#4 Courage

Sobat ASIK, apa yang mungkin kita pikirkan ketika mendengar kepemimpinan perempuan? Hmm… Bisa jadi akan ada perspektif beragam. Dalam kepemimpinan perempuan masih terdapat stigma beragam, tetapi perempuan memang memiliki porsi dalam kepemimpinan. Lihat saja seorang ibu, ia adalah pemimpin bagi diri dan anak-anaknya, diamanahi menjaga rumah, menjaga kehormatan diri dan harta ketika suami di luar rumah. Dari semua tantangan pemimpin perempuan, tidak ada yang membedakan kecuali dari courage yang diperjuangkan. Di pendampingan DIWA yang bertujuan mempertajam dampak perempuan sebagai aktivator sosial, maka pekan ke empat ini para fellows belajar bagaimana memaknai sebuah perjuangan.


Courage bukan sekedar menunjukkan etos kinerja, apapun peran yang melekat pada perempuan. Menurut Fatimah Azzahra, founder ASIK (Akselerasi Ibu Masa Kini), courage seorang ibu mencakup empat hal, yakni bravery, persistence, integrity dan vitality.

Uniknya, dalam sesi ini definisi courage yang dikenalkan justru mengambil dari bahasa asalnya. Dalam bahasa latin courage diambil dari kata 'cor' yang artinya hati. Maka, courage artinya bagaimana menyampaikan satu maksud hingga mencapai satu hati. Manis bukan?


Maka, ketika melangkah sebagai perempuan, sebagai ibu, sebagai pemimpin sebuah komunitas yang terkecil pun, sejatinya menunjukkan courage adalah berdiri di antara keberanian dan ketakutan di waktu yang sama. Tentu saja, karena siapa yang tahu usaha dan perjuangan kita berhasil atau tidak, disampaikan dari hati apakah akan diterima oleh hati yang padu juga?


Sejatinya, dalam sebuah perjuangan di situ pula terletak kerentanannya. Orang yang berani atau percaya diri bukan berarti ia tidak pernah mengalami kerentanan, ketakutan. Kondisi rentan, takut, insecure ini pasti terjadi karena usaha atau courage itu akan membuat kita berhadapan dengan paparan risiko, ketidakpastian, serta ketidakstabilan emosi.

Kerentanan atau vulnerability sebenarnya menunjukkan seberapa besar courage yang dicurahkan.

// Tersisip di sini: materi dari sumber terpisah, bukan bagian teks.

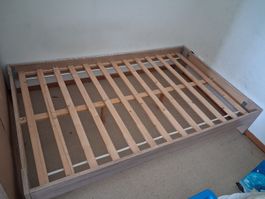Bettgestell 1,20 x 2 Meter ab CHF 1.-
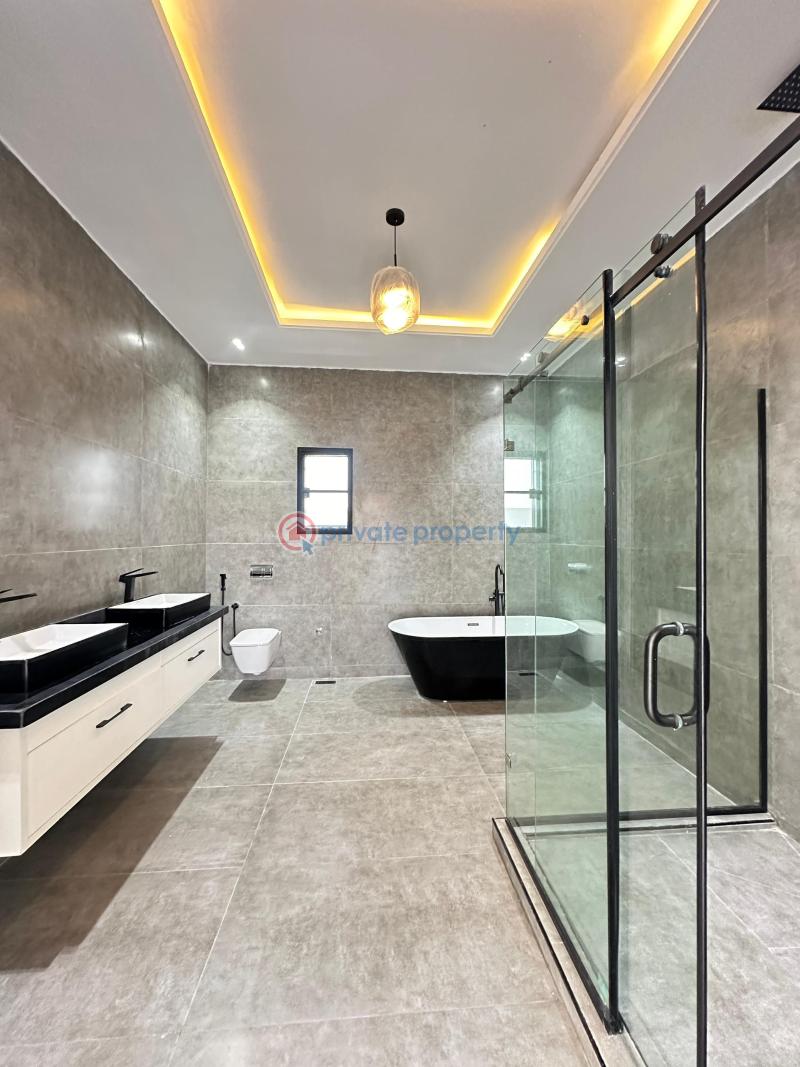 Elegantly built 5 bedroom fully detached home with swimming pool, cinema, gym and rooftop terrace - 10 5 bedroom Detached Duplex For Sale Lekki Phase 1 Lagos - 10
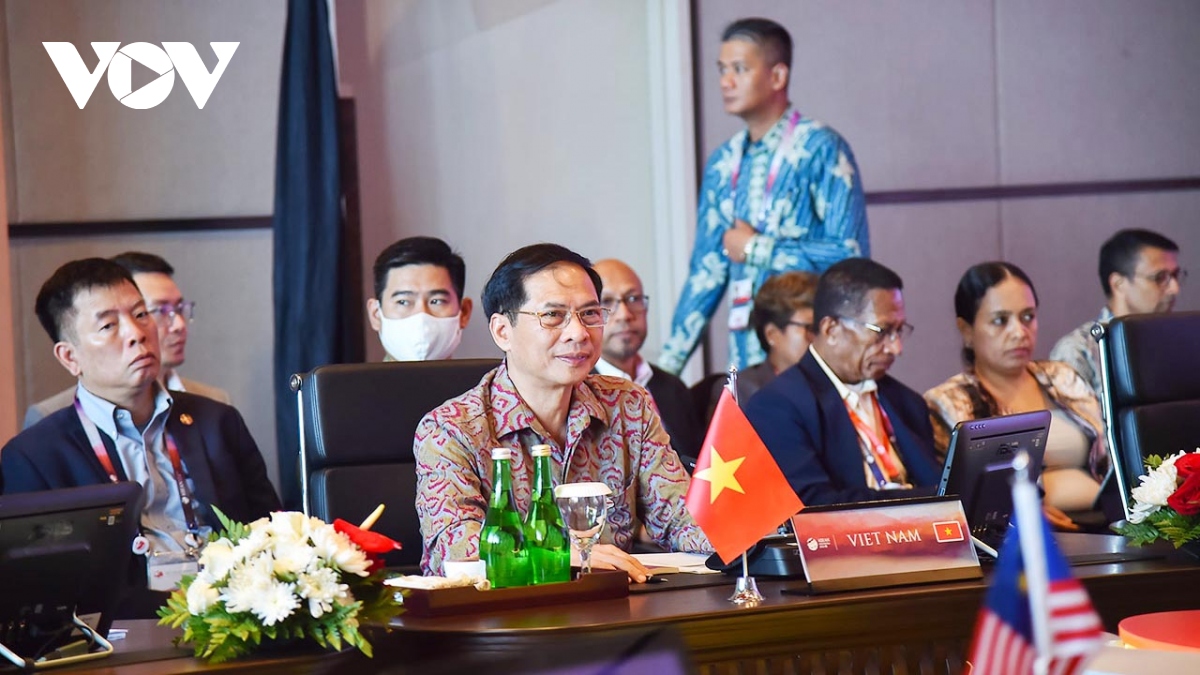 42. ASEAN-Gipfel: ASEAN-Außenministertreffen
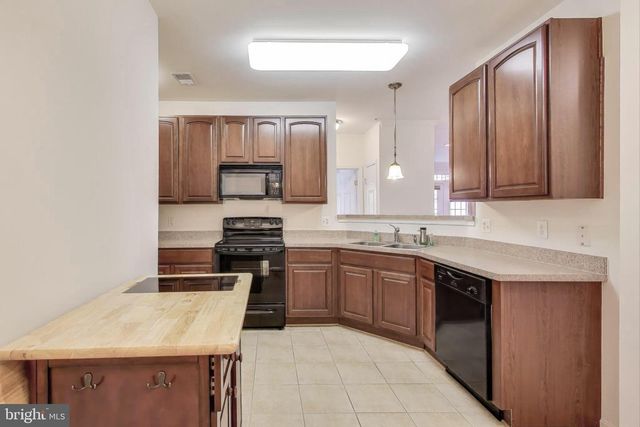 13501 BELLE CHASSE #215, Laurel, MD 20707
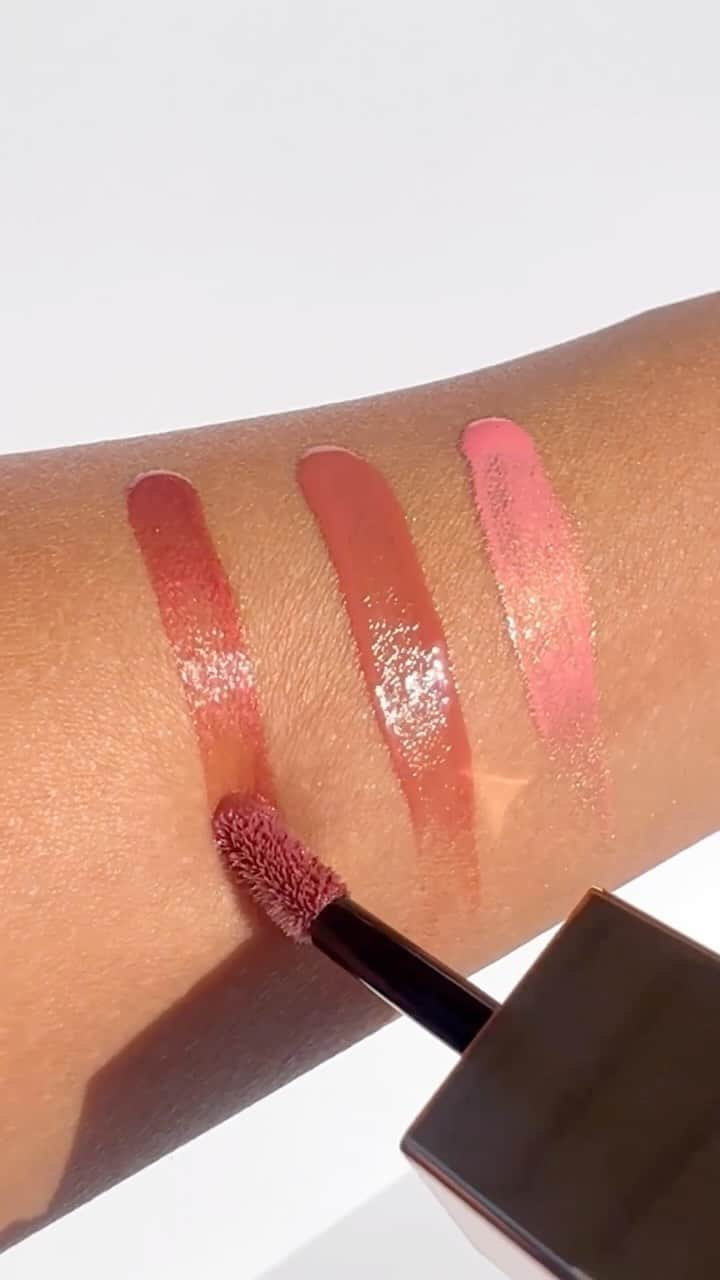 NARSのインスタグラム：「Stocking stuffers that aim to please. Treat someone you love (or yourself) to merry minis featured in our new Holiday Collection.  Starring: ⭐ Invite Only Mini Afterglow Liquid Blush Set  ⭐ Up All Night Mini Powermatte Lip Duo ⭐ Mini Dolce Vita Blush Duo  Video by @aman_burm.」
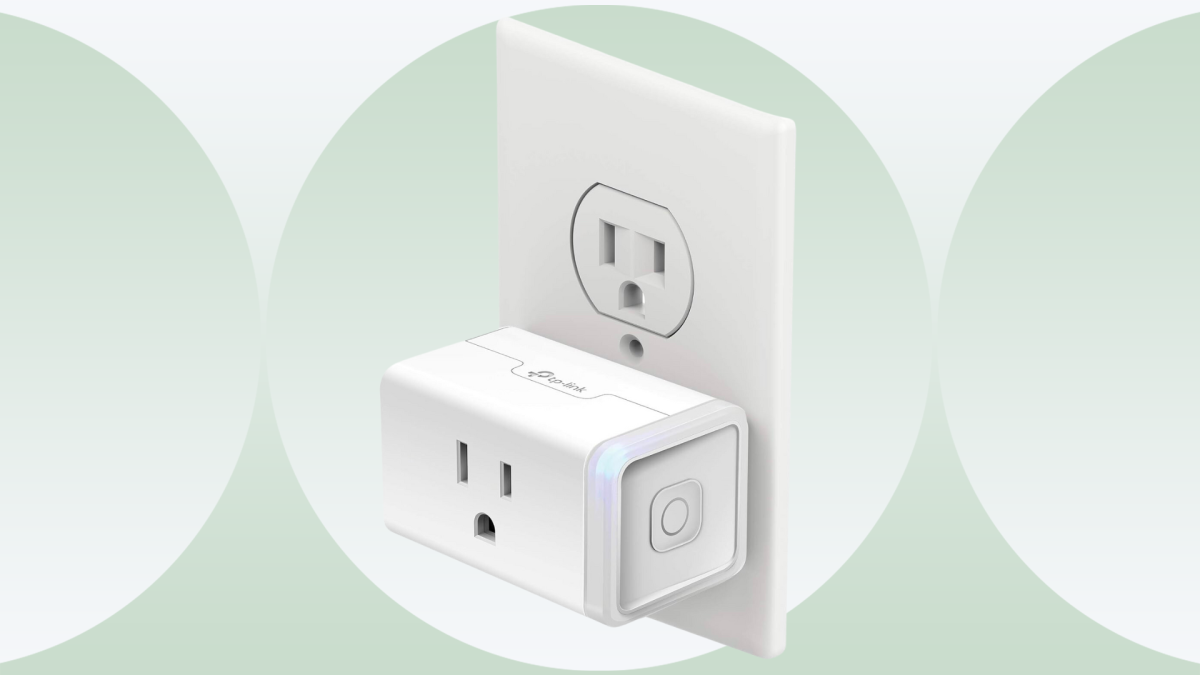 Your Jetsons-Style Smart Home Starts With These Bluetooth Plugs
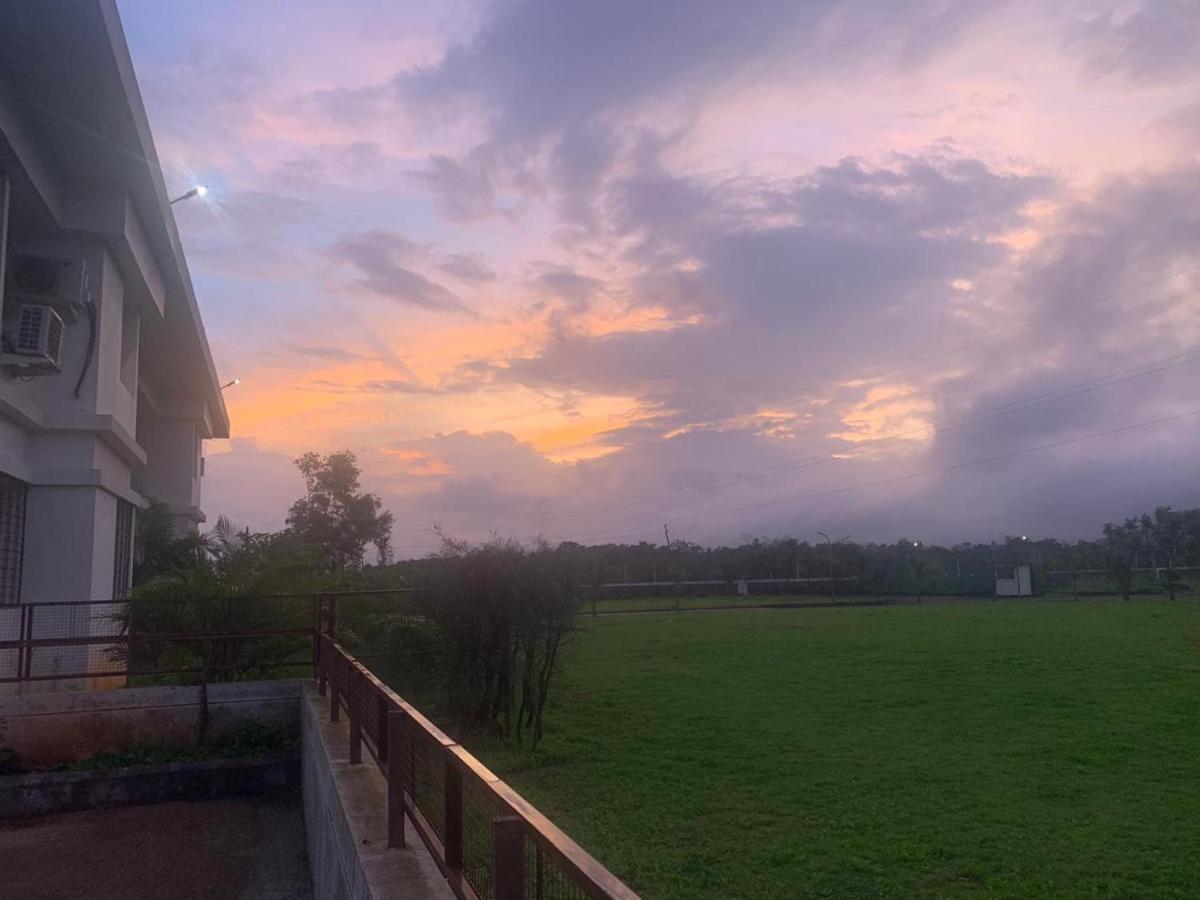 Appartamento Mizzle Lonavala Esterno foto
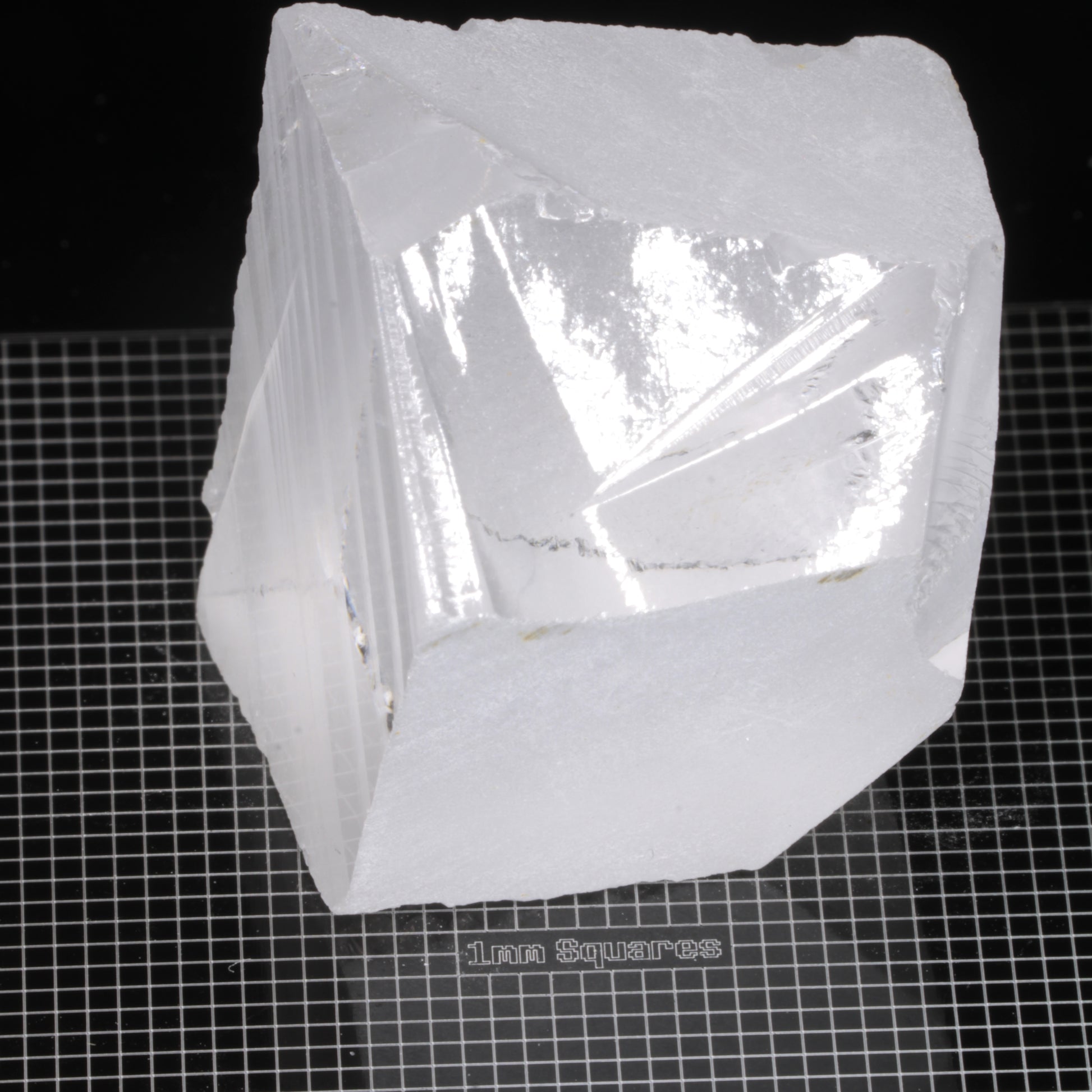 Chunk of Sapphire Grown for the F-35 Fighter Jet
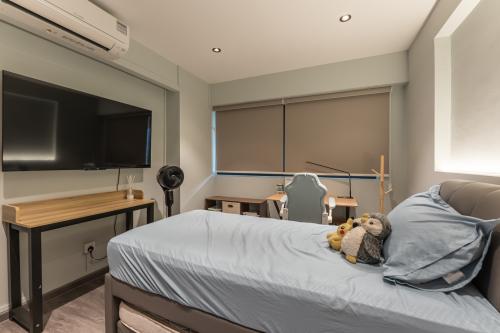 Modern Bedroom at 641 Pasir Ris Drive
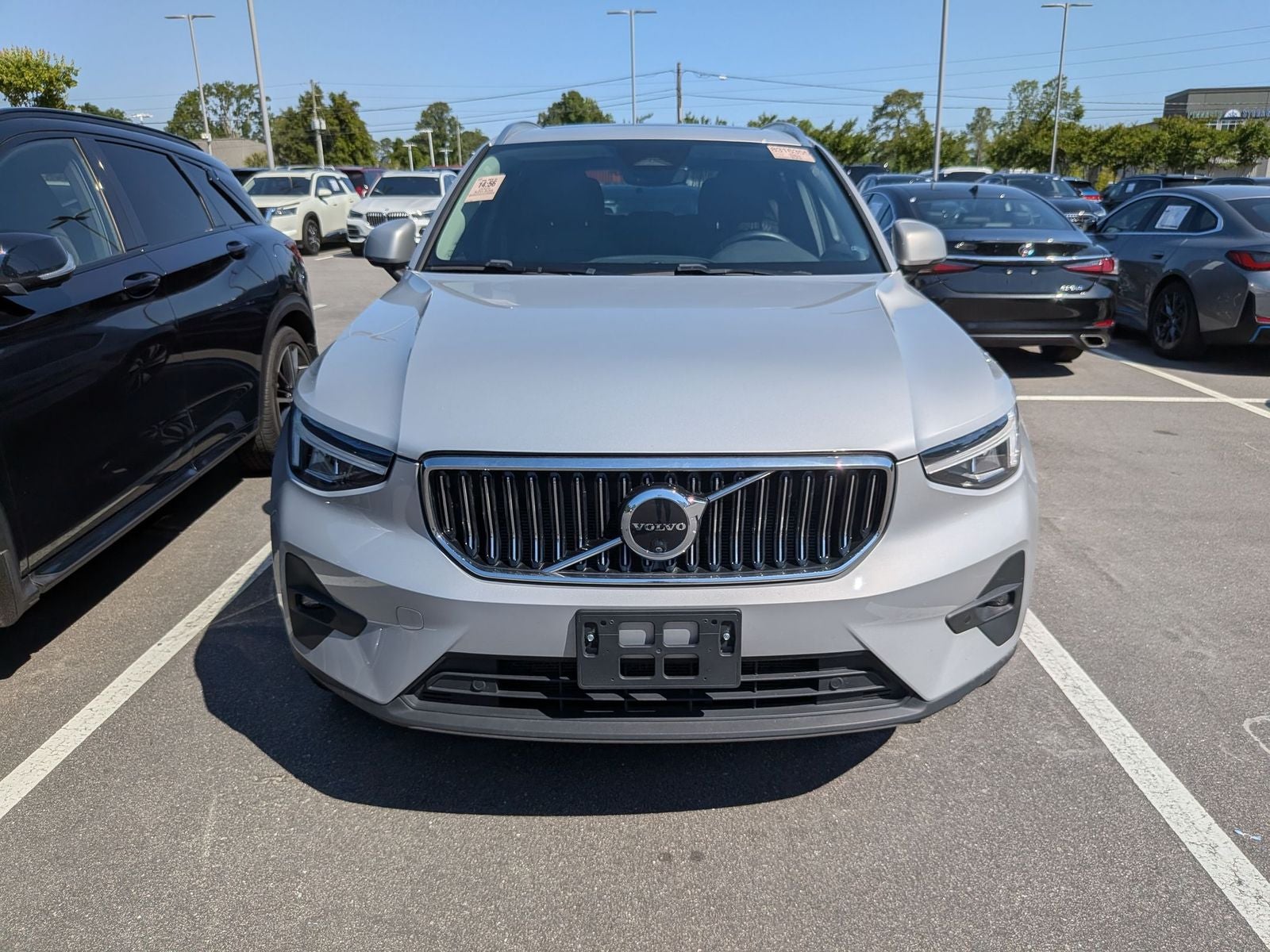 2025 Volvo XC40 B5 Plus Bright Theme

Sobat ASIK, lalu pertanyaan lanjutannya adalah bagaimana memunculkan courage terbaik diri? Pertama adalah dengan memiliki cerita diri sendiri, alasan dan motivasi di balik kita melakukan sesuatu akan selalu membawa energi, betul? Kedua, sampaikan kebenaran dengan jujur. Ketiga, buat batasan diri (setting boundaries). Keempat adalah meminta bantuan, termasuk mengatakan dengan jelas apa kebutuhan diri untuk mendapat dukungan. Inilah yang membuat kerentanan akan menjelma kekuatan diri untuk terus melangkah memperjuangkan apa yang ingin kita tuju.


Sampai sini, kita dapat mengambil kesimpulan, courage bukan usaha sendiri namun melibatkan pula orang lain. Hati yang terbuka inilah yang kelak membuat kita lapang hati pula melihat progres dan hasil, karena yakin segala courage yang dilakukan juga tidak merupakan single action sendiri. Inilah yang sekaligus menunjukkan ketidaksempurnaan adalah kesempurnaan dari sebuah perjalanan. Seperti kehidupan ibu, yang tidak sempurna penuh kerentanan, namun empat langkah courage di atas, bisa mulai kita terapkan bersama.


Sampai disini, ada yang bisa mengaitkan titik-titik filosofinya? Memberikan courage dalam setiap proses kehidupan, terhadap apa yang kita pimpin dan pertanggung jawabkan adalah serangkaian proses merasakan, menerima, melepaskan, mengizinkan alurnya terjadi. Maka Sobat ASIK, maukah kita melanjutkan perjalanan ini selangkah lagi?